Valuev is certainly bigger and even hairier than Carnera, but as far as boxing skills go, the Ambling Alp may have had the upper hand in the ring.  He couldn’t punch similarly to Valuev, who’s massive frame doesn’t equate to legitimate knockout power, and whose latest performance made the light-punching Chris Byrd look strong.  For all his deficiencies, Carnera did develop a strong jab and had a strong chin to go with it.  He fought better opposition than Valuev despite the fixed-fight syndrome and was quicker on his feet. Who isn’t quicker on their feet than Valuev whose slow-motion movement gives us an idea of what a boxing match underwater would like that?

Let’s not fault this giant of giants too much as he is an unparalleled anomaly in our sport’s history.  He dwarfs even the tallest of former heavyweight champions, knocking the Italian Goliath and others such as Buddy Bear down to size.  It would be a far stretch of imagination to think a man of Valuev’s height could be both nimble on his feet and throw lighting-fast, powerful punches. 

We never expected such brilliance from him, but we believed the Don King infested hype and his undefeated record enough to think he would beat Ruslan Chagaev, a heavyweight nobody until now.  We were wrong, at least I was wrong, as Valuev showed us, as Carnera did seventy-years earlier, that he’s struggling club fighter at best (like most of our sad heavyweight pool) who gained heavyweight stardom more because of his circus-like physique than his fistic ability.

His manager, Wilfried Sauerland, likes to believe that Valuev will continue to show improvement and is worthy of his status as one of today’s top heavyweights.  “Those who have followed Nikolai’s career could see that he has again shown great development today.  He will keep working on his game and I think in at least one year he will be the WBA’s top challenger again.”

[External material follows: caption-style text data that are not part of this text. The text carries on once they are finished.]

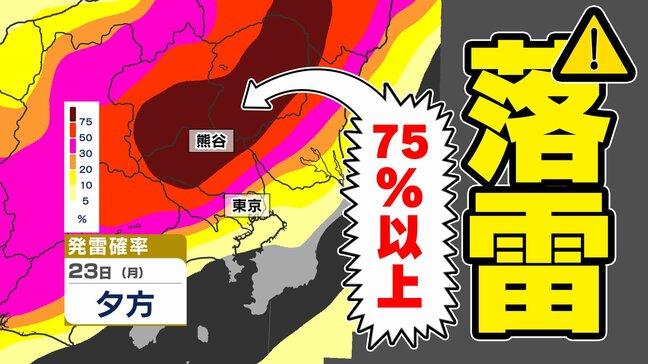 【東京首都圏 突然の雨に注意 台風２号も発生】落雷・突風・急な激しい雨・ひょうに注意【雨・発雷確率シミュレーション23日（月）～24日（火）警報発表の可能性は？】東京・神奈川・埼玉・千葉・群馬・栃木・茨城|TBS NEWS DIG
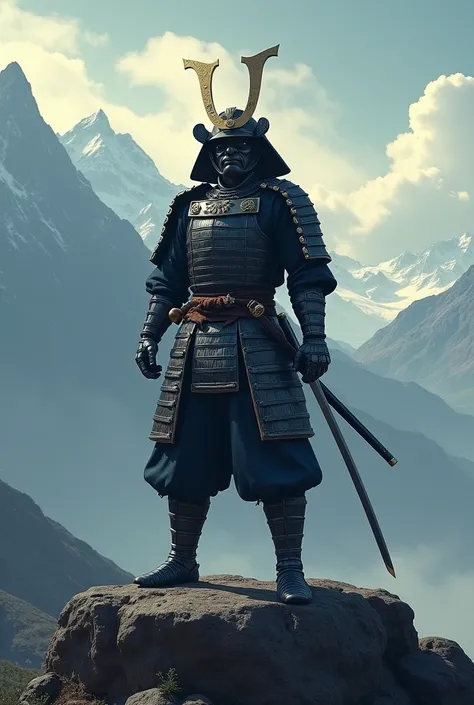 A samurai swordsman standing on a hilltop dwngan background of mountains and clouds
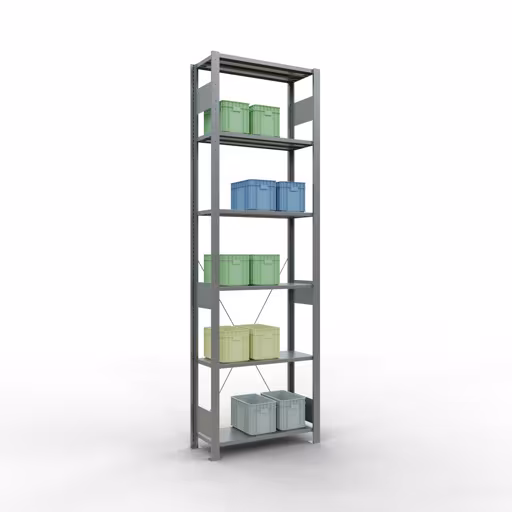 Une autre vue de l'article Etagère Basic, étagère, système enfichable MULTIplus150, 2500 x 750 x 300 mm (HxLxP), 6 étagères, traverse, galvanisée Une autre vue de l'article Etagère Basic, étagère système enfichable MULTIplus150, 2500 x 750 x 300 mm, 6 étagères, galvanisée de la catégorie système enfichable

If Valuev’s team thought he showed great development in losing unimpressively to Chagaev, then that doesn’t say much about their judgment, and at age thirty-three time is already ticking against him.  The irreplaceable Don King will surely pick the fallen Russian up again and match him against made-to-order opponents in order to get him in line for another title shot next year.  Despite the loss, Valuev is still marketable because boxing fans, particularly in Europe, are awed by his immense size and stature.  Fans will always pay to see if David can slay Goliath just as they did when they flocked in anticipation to watch Baer and Louis dismantle Carnera. 

Only when Goliath is knocked down and humiliated for the world to see does the story end and the curious crowds go away, realizing that the once mighty and mysterious giant is nothing more than a beaten man.  The facade of Primo Carnera was exposed by the formidable fists of Baer and then Louis, who had to finish off the big man after fans somehow weren’t quite ready to say goodbye to their already tarnished Goliath (nor was the mob for that matter).  I’m afraid Valuev will suffer a similar fate in that eventually he will fight a hard-hitting heavyweight with skill and take a terrible beating.  Surely, there aren’t many of the species living in the division these days but it will only take one, maybe a good second rater like Wladimir Klitschko, to cut our Russian Goliath down to size.  Where he belongs.